One could attend on Mondays only.
One could attend both days.
One could still attend weekly if they miss their regular day.
Hopefully enough would opt for the Monday class, and this would free up space and permit growth at both times. The cost structure is yet to be determined for those attending both sessions.
Check your calendar. We hope to have some good news in the very near future.
TIPS TO MAKE YOUR LIFE BETTER By Ed Gatke
At last month’s meeting Dr. Musgrave spoke about how frequent depression occurs in the person with Parkinson’s (PWP). I was glad that she included that in her presentation because depression is one of the most common symptoms in the disease. If you were fortunate to be there you heard her speak of how depression may be present from the two different causes
First, some of the literature about Parkinson’s disease (PD) says that by the time a person can be diagnosed with it they have lost 60 to 80 percent of their capacity to produce dopamine, one of the chemicals all of us must have to ward off depression. Second, all of us, PWP and those who do not have PD are capable of having depression because of circumstances that we react to. (Thus, this type of depression is often referred to as reactive depression).
Depression can strike anyone, but PWP may be at greater risk. Keep in mind that some PD symptoms (such as masked facial expression, slow movement, and lack of energy) can actually be symptoms of depression and vice versa.
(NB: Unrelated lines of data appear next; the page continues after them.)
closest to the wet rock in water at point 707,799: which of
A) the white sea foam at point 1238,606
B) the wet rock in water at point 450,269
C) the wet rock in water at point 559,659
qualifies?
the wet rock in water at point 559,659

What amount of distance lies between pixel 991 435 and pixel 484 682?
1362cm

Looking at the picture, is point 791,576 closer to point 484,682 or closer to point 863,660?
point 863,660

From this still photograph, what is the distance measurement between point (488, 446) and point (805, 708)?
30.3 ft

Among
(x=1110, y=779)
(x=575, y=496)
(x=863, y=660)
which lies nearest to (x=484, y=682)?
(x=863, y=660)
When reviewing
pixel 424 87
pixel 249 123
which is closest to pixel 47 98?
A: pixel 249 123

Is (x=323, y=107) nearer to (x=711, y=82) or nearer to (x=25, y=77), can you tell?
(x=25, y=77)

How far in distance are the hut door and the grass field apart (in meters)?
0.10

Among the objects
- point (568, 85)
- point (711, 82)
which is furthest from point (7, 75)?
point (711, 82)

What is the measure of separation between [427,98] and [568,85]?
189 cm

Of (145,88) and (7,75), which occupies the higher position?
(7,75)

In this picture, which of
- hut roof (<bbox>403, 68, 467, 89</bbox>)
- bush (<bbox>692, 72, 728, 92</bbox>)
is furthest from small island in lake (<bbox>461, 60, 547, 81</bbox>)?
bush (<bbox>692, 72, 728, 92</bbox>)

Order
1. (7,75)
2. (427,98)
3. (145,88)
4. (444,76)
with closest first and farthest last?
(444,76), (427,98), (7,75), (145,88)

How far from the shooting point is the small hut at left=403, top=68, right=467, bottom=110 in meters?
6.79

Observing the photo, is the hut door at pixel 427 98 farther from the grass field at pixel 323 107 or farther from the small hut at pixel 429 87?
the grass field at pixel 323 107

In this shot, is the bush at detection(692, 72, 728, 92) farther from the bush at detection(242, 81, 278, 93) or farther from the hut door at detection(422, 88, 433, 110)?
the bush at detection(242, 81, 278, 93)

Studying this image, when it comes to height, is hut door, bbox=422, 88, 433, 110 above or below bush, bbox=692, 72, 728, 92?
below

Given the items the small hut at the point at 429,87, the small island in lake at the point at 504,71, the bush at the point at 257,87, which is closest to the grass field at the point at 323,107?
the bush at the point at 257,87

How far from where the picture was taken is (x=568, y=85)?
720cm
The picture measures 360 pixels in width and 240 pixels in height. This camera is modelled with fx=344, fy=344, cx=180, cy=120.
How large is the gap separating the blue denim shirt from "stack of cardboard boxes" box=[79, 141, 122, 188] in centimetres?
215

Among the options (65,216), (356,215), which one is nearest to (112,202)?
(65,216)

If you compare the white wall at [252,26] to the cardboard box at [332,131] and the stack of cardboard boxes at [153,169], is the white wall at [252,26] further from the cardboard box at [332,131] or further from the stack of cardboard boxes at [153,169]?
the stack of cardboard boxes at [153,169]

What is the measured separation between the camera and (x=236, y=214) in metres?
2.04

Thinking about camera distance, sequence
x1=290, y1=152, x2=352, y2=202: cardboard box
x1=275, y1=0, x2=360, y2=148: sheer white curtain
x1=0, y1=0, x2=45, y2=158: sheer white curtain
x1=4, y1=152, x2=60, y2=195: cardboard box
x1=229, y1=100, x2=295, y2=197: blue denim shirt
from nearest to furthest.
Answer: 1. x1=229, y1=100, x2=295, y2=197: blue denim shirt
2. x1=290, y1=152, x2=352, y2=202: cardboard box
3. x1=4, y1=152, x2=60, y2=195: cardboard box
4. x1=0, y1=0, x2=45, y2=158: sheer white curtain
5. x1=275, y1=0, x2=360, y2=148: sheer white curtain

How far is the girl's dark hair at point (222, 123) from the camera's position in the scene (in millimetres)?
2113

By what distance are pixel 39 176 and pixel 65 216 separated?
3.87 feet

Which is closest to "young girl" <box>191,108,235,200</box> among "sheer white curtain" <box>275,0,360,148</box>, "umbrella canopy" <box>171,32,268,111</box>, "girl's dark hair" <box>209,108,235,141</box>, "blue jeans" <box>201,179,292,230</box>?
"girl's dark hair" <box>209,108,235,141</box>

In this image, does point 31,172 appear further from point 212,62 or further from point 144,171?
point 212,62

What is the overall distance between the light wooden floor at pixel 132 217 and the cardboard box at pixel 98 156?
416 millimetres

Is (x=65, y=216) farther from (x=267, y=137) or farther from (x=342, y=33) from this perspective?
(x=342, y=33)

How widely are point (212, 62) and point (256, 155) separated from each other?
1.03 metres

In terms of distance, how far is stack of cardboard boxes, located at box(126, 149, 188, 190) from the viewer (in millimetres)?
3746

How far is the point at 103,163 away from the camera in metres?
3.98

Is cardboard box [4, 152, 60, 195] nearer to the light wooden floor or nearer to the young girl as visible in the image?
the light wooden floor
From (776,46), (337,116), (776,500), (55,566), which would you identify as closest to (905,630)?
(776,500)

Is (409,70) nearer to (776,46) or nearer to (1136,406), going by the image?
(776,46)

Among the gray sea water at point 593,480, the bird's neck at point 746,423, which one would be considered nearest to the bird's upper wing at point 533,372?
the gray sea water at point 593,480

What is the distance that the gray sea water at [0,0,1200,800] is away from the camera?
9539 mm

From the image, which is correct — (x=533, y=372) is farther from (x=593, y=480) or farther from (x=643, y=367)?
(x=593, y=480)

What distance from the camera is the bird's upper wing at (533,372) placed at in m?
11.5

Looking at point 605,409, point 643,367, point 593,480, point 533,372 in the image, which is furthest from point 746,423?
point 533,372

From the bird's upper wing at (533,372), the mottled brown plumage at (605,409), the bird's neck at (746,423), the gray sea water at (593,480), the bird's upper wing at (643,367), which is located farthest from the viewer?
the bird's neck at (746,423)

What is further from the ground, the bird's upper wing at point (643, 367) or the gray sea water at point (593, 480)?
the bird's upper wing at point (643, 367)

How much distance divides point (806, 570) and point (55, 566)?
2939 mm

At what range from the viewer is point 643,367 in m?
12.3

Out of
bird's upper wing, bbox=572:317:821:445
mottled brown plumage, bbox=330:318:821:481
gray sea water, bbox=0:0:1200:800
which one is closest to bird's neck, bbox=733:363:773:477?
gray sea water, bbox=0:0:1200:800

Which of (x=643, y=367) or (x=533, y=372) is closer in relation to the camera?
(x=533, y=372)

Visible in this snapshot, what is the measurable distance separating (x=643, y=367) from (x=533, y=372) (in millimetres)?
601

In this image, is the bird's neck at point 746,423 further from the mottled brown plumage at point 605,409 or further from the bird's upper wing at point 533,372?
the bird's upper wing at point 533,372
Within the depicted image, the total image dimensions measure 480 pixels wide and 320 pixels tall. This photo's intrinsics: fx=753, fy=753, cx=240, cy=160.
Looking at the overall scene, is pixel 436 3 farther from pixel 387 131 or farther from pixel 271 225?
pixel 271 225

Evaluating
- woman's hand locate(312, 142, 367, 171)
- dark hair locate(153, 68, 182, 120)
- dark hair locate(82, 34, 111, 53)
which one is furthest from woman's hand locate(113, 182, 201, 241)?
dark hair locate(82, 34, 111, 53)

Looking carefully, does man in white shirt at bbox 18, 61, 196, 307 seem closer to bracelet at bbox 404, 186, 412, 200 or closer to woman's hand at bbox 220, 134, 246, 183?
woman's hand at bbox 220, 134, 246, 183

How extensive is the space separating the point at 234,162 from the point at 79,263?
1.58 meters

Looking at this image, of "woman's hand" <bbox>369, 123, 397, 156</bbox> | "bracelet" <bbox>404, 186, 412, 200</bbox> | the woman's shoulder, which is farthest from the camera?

But when these symptoms accompany anxiety, apathy, or loss of interest or pleasure in activities and relationships, consider the possibility that you have a treatable mental health concern.
The National Institute of Mental Health lists these as symptoms of depression:
*Persistent sad, anxious, or empty feelings
*Feelings of hopelessness and pessimism
*Feelings of guilt, worthlessness or helplessness
*Loss of interest or pleasure in hobbies and activities
*Fatigue, feeling slowed down, or decreased energy
*Difficulty concentrating, making decisions, or remembering
*Insomnia or oversleeping
*Appetite or weight gain or loss
*Restlessness and irritability
*Thoughts of death or suicide, suicide attempts
*Crying, especially over little seemingly incidental issues
Ask yourself these questions if your feelings (mental and emotional) concern you on a daily basis:
*are you discouraged or sad?
*Are you moody or irritable?
*Are your feelings isolated or lonely?]
*Have you lost interest in activities you can still do?
*Have you pulled away from interactions with friends and family?
*Is your outlook affecting your ability to work, make decisions, or make choices?
*Has your mood affected your sleep (for example, sleeping more in the day or not sleeping at night_ or energy level?
*Have you experienced changes in appetite and weight?
*Have you lost interest in sex or intimacy with your partner?
*Have the people you trust suggested that you seem depressed?
If you answered “yes” to five or more of; these questions, you need to raise the possibility with your doctor that you may need treatment for depression. You have nothing to lose by doing this, and much to gain.
CAREGIVER’S CORNER By Ed Gatke
Last week Friend Wife and I sat down to discuss some of the issues that exist between caregivers and PWP (People with Parkinson's). Like some of our other marital discussions it was not the most positive experience we have had.
My interest in the subject comes from wanting her and me to be on the same page with big issues, at least as far as is possible. Our history has shown that two bull-headed people in one marriage will have those times when we feel we are miles apart on some topics. Sometimes we even get our feelings hurt.
I don't tell you this because I feel a need for a dose of sympathy. Nor do I want you to pick sides and, intellectually at least, decide who was right and who was wrong in what turned out to be another of those verbal encounters that couples get into and try to one-up the other through use of mental gymnastics or superior vocabulary.
I knew from the beginning that I just wanted Friend Wife's help in understanding her side of what happens to us when one or both of us lets the devil get his licks in by approaching us through those tiny but powerful body parts known as our tongues. Jesus' brother James reminded us of what a powerful weapon it can be when misused. My belief has long been that if two people or groups or countries can understand the perspective of the other, they have a much better chance of resolving their differences.
Two things happened during our discussion referred to above. One, neither of us got angry or lost our cool this time. Two, unfortunately, we didn't succeed in solving any issues. For a while I didn't see much gain in that, but as I thought about it, I suppose every time we try to discuss weighty matters and don't start World War III, or walk away angry, we have gained something in the relationship.
What point am I trying to make? Simply this: it is vitally important that we work together to resolve what we can, and have as many positive experiences as we are able. Parkinson's disease is a burden for any family that is unfortunate enough to have a PD experience. We need to stick together and not let it cause us more trouble than is necessary. When you have those heavy discussions I think it helps a lot to decide ahead of time you will not lose your cool, that you will show respect for this one you love, and that you will resolve to continue to try to work together for your mutual good.
James wrote in the third chapter of his epistle: See how great a forest a little fire kindles! And the tongue is a fire...
Editor’s Note: Thank you, Ed, for writing about a personal experience knowing that it would be beneficial for others to read. We appreciate your contribution to the newsletter each month.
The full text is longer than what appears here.